[Dataset]
--- --- ---
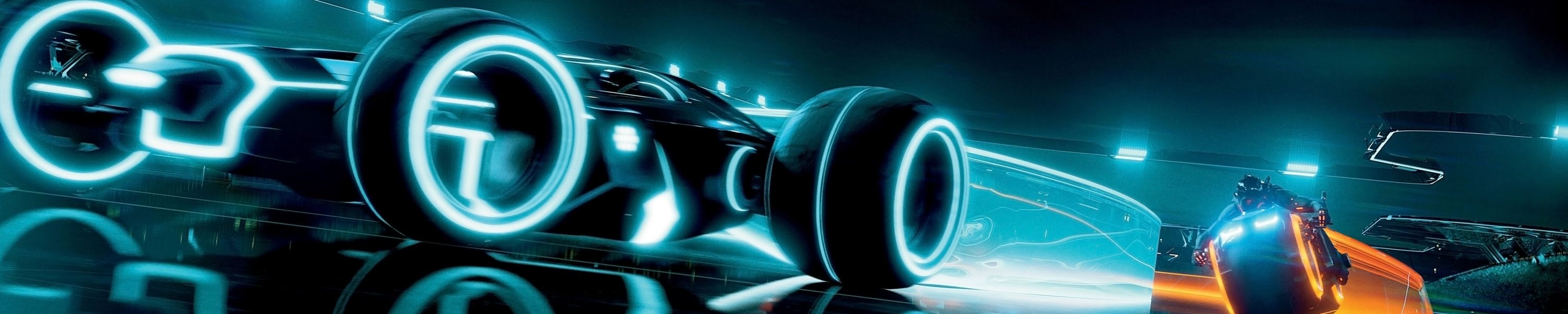 Moto futuristica Tron neon, 2999x600 21:9, Ultrawide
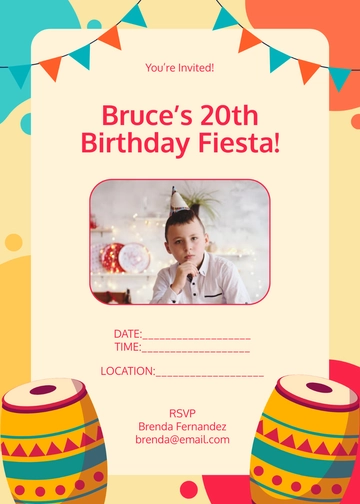 Blank Fiesta Birthday Invitation Template - Edit Online & Download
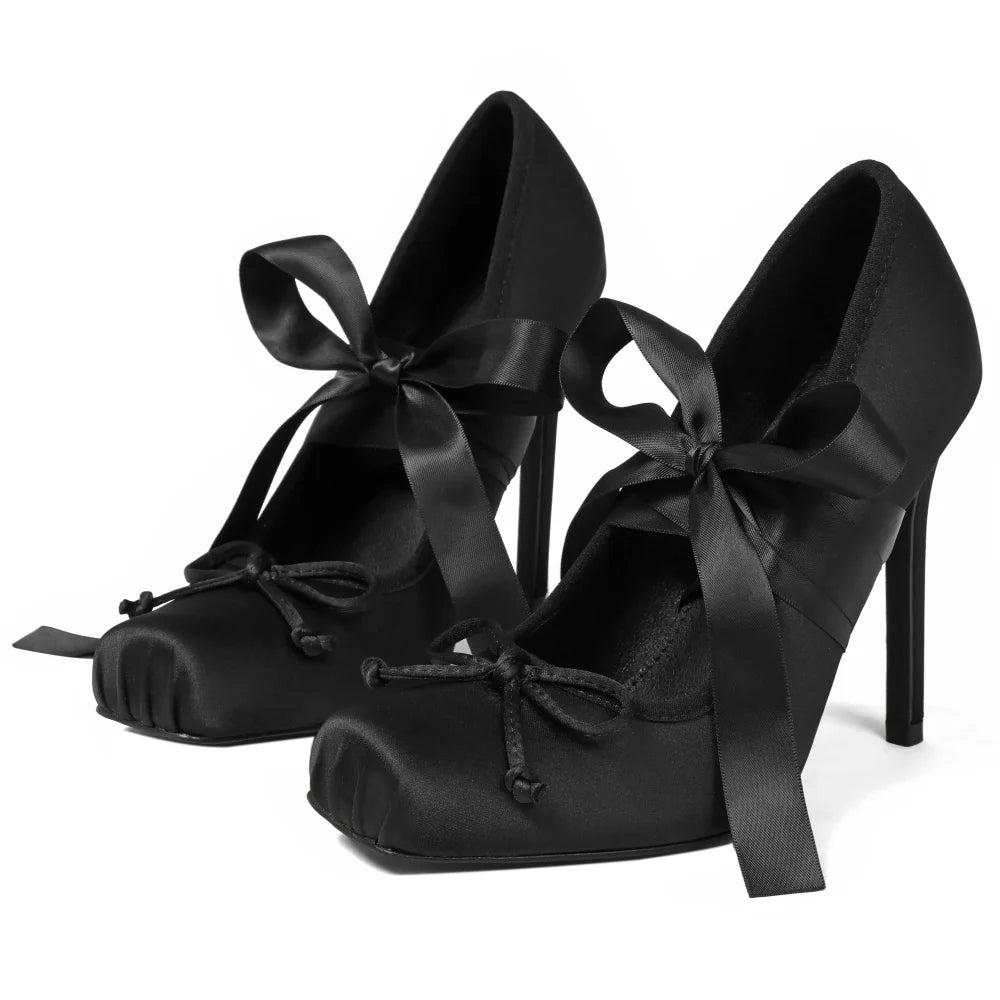 Women Ballet Heels Square Toe Mary Janes Lace Up Pumps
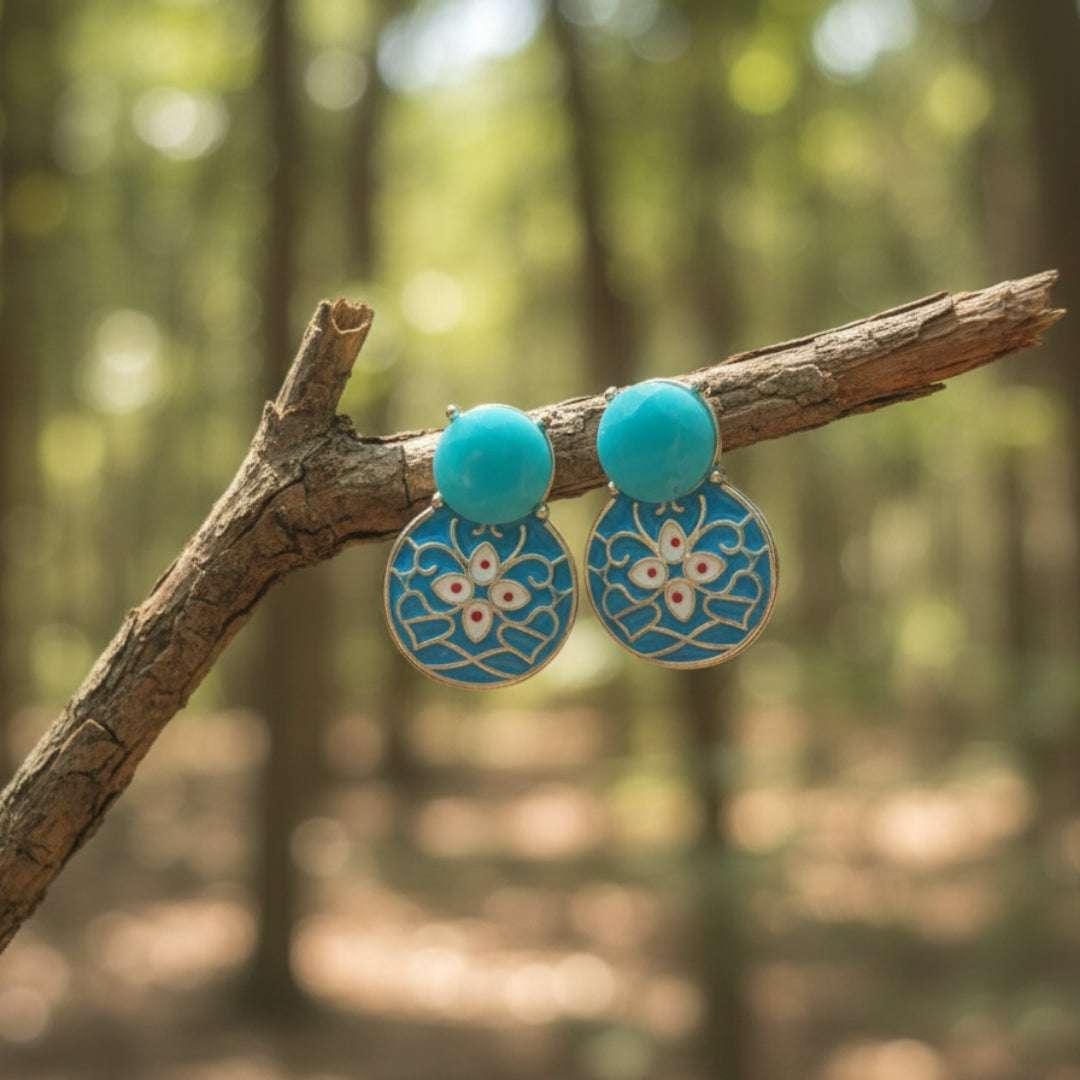 Oxidized Turquoise Blue Enamel Earrings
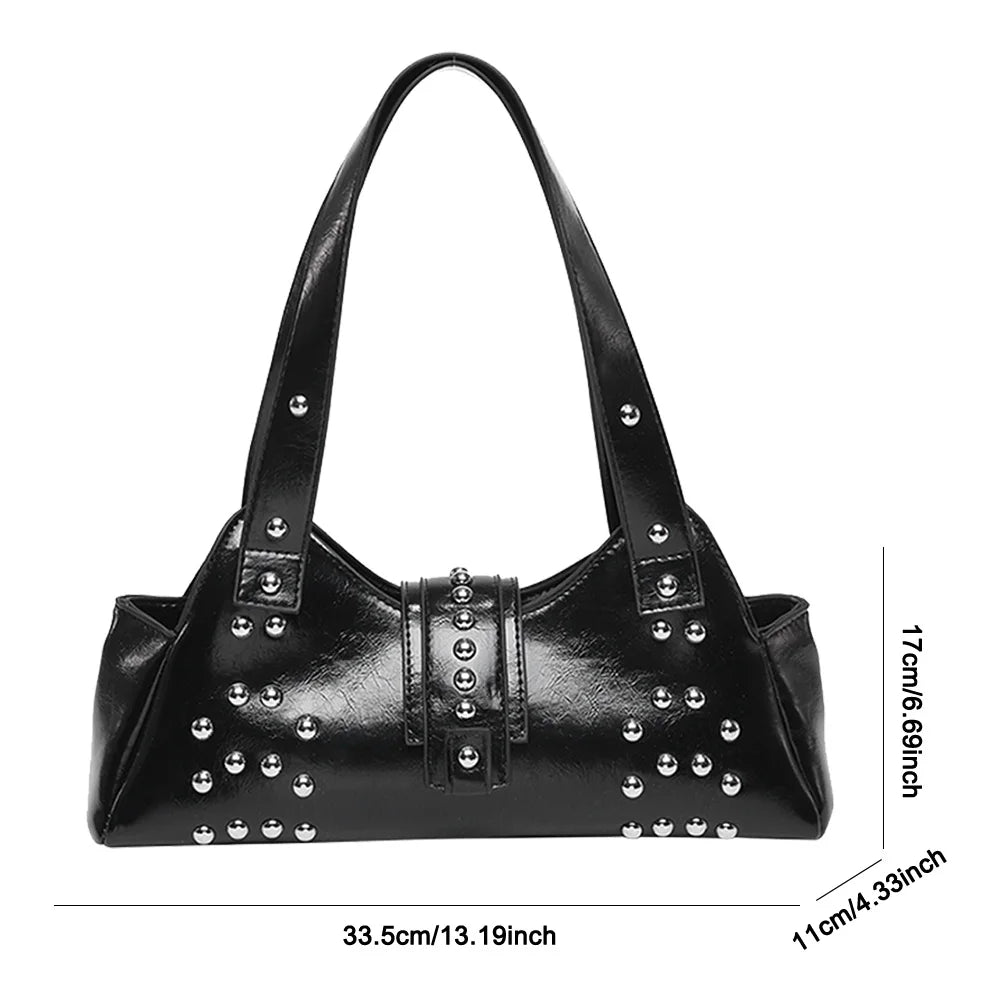 Shoulder Bag for Women Rivet Punk Underarm Bag PU Leather Studded Clutch Purse Trendy Hobo Purse for Work Travel Shopping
--- --- ---
[About this exercise] Copy out exactly the lines that begin at the line with "Women Ballet Heels" and end at the final line of the entries above. Leave out the pictures.

[Response to this exercise]
 Women Ballet Heels Square Toe Mary Janes Lace Up Pumps
 Oxidized Turquoise Blue Enamel Earrings
 Shoulder Bag for Women Rivet Punk Underarm Bag PU Leather Studded Clutch Purse Trendy Hobo Purse for Work Travel Shopping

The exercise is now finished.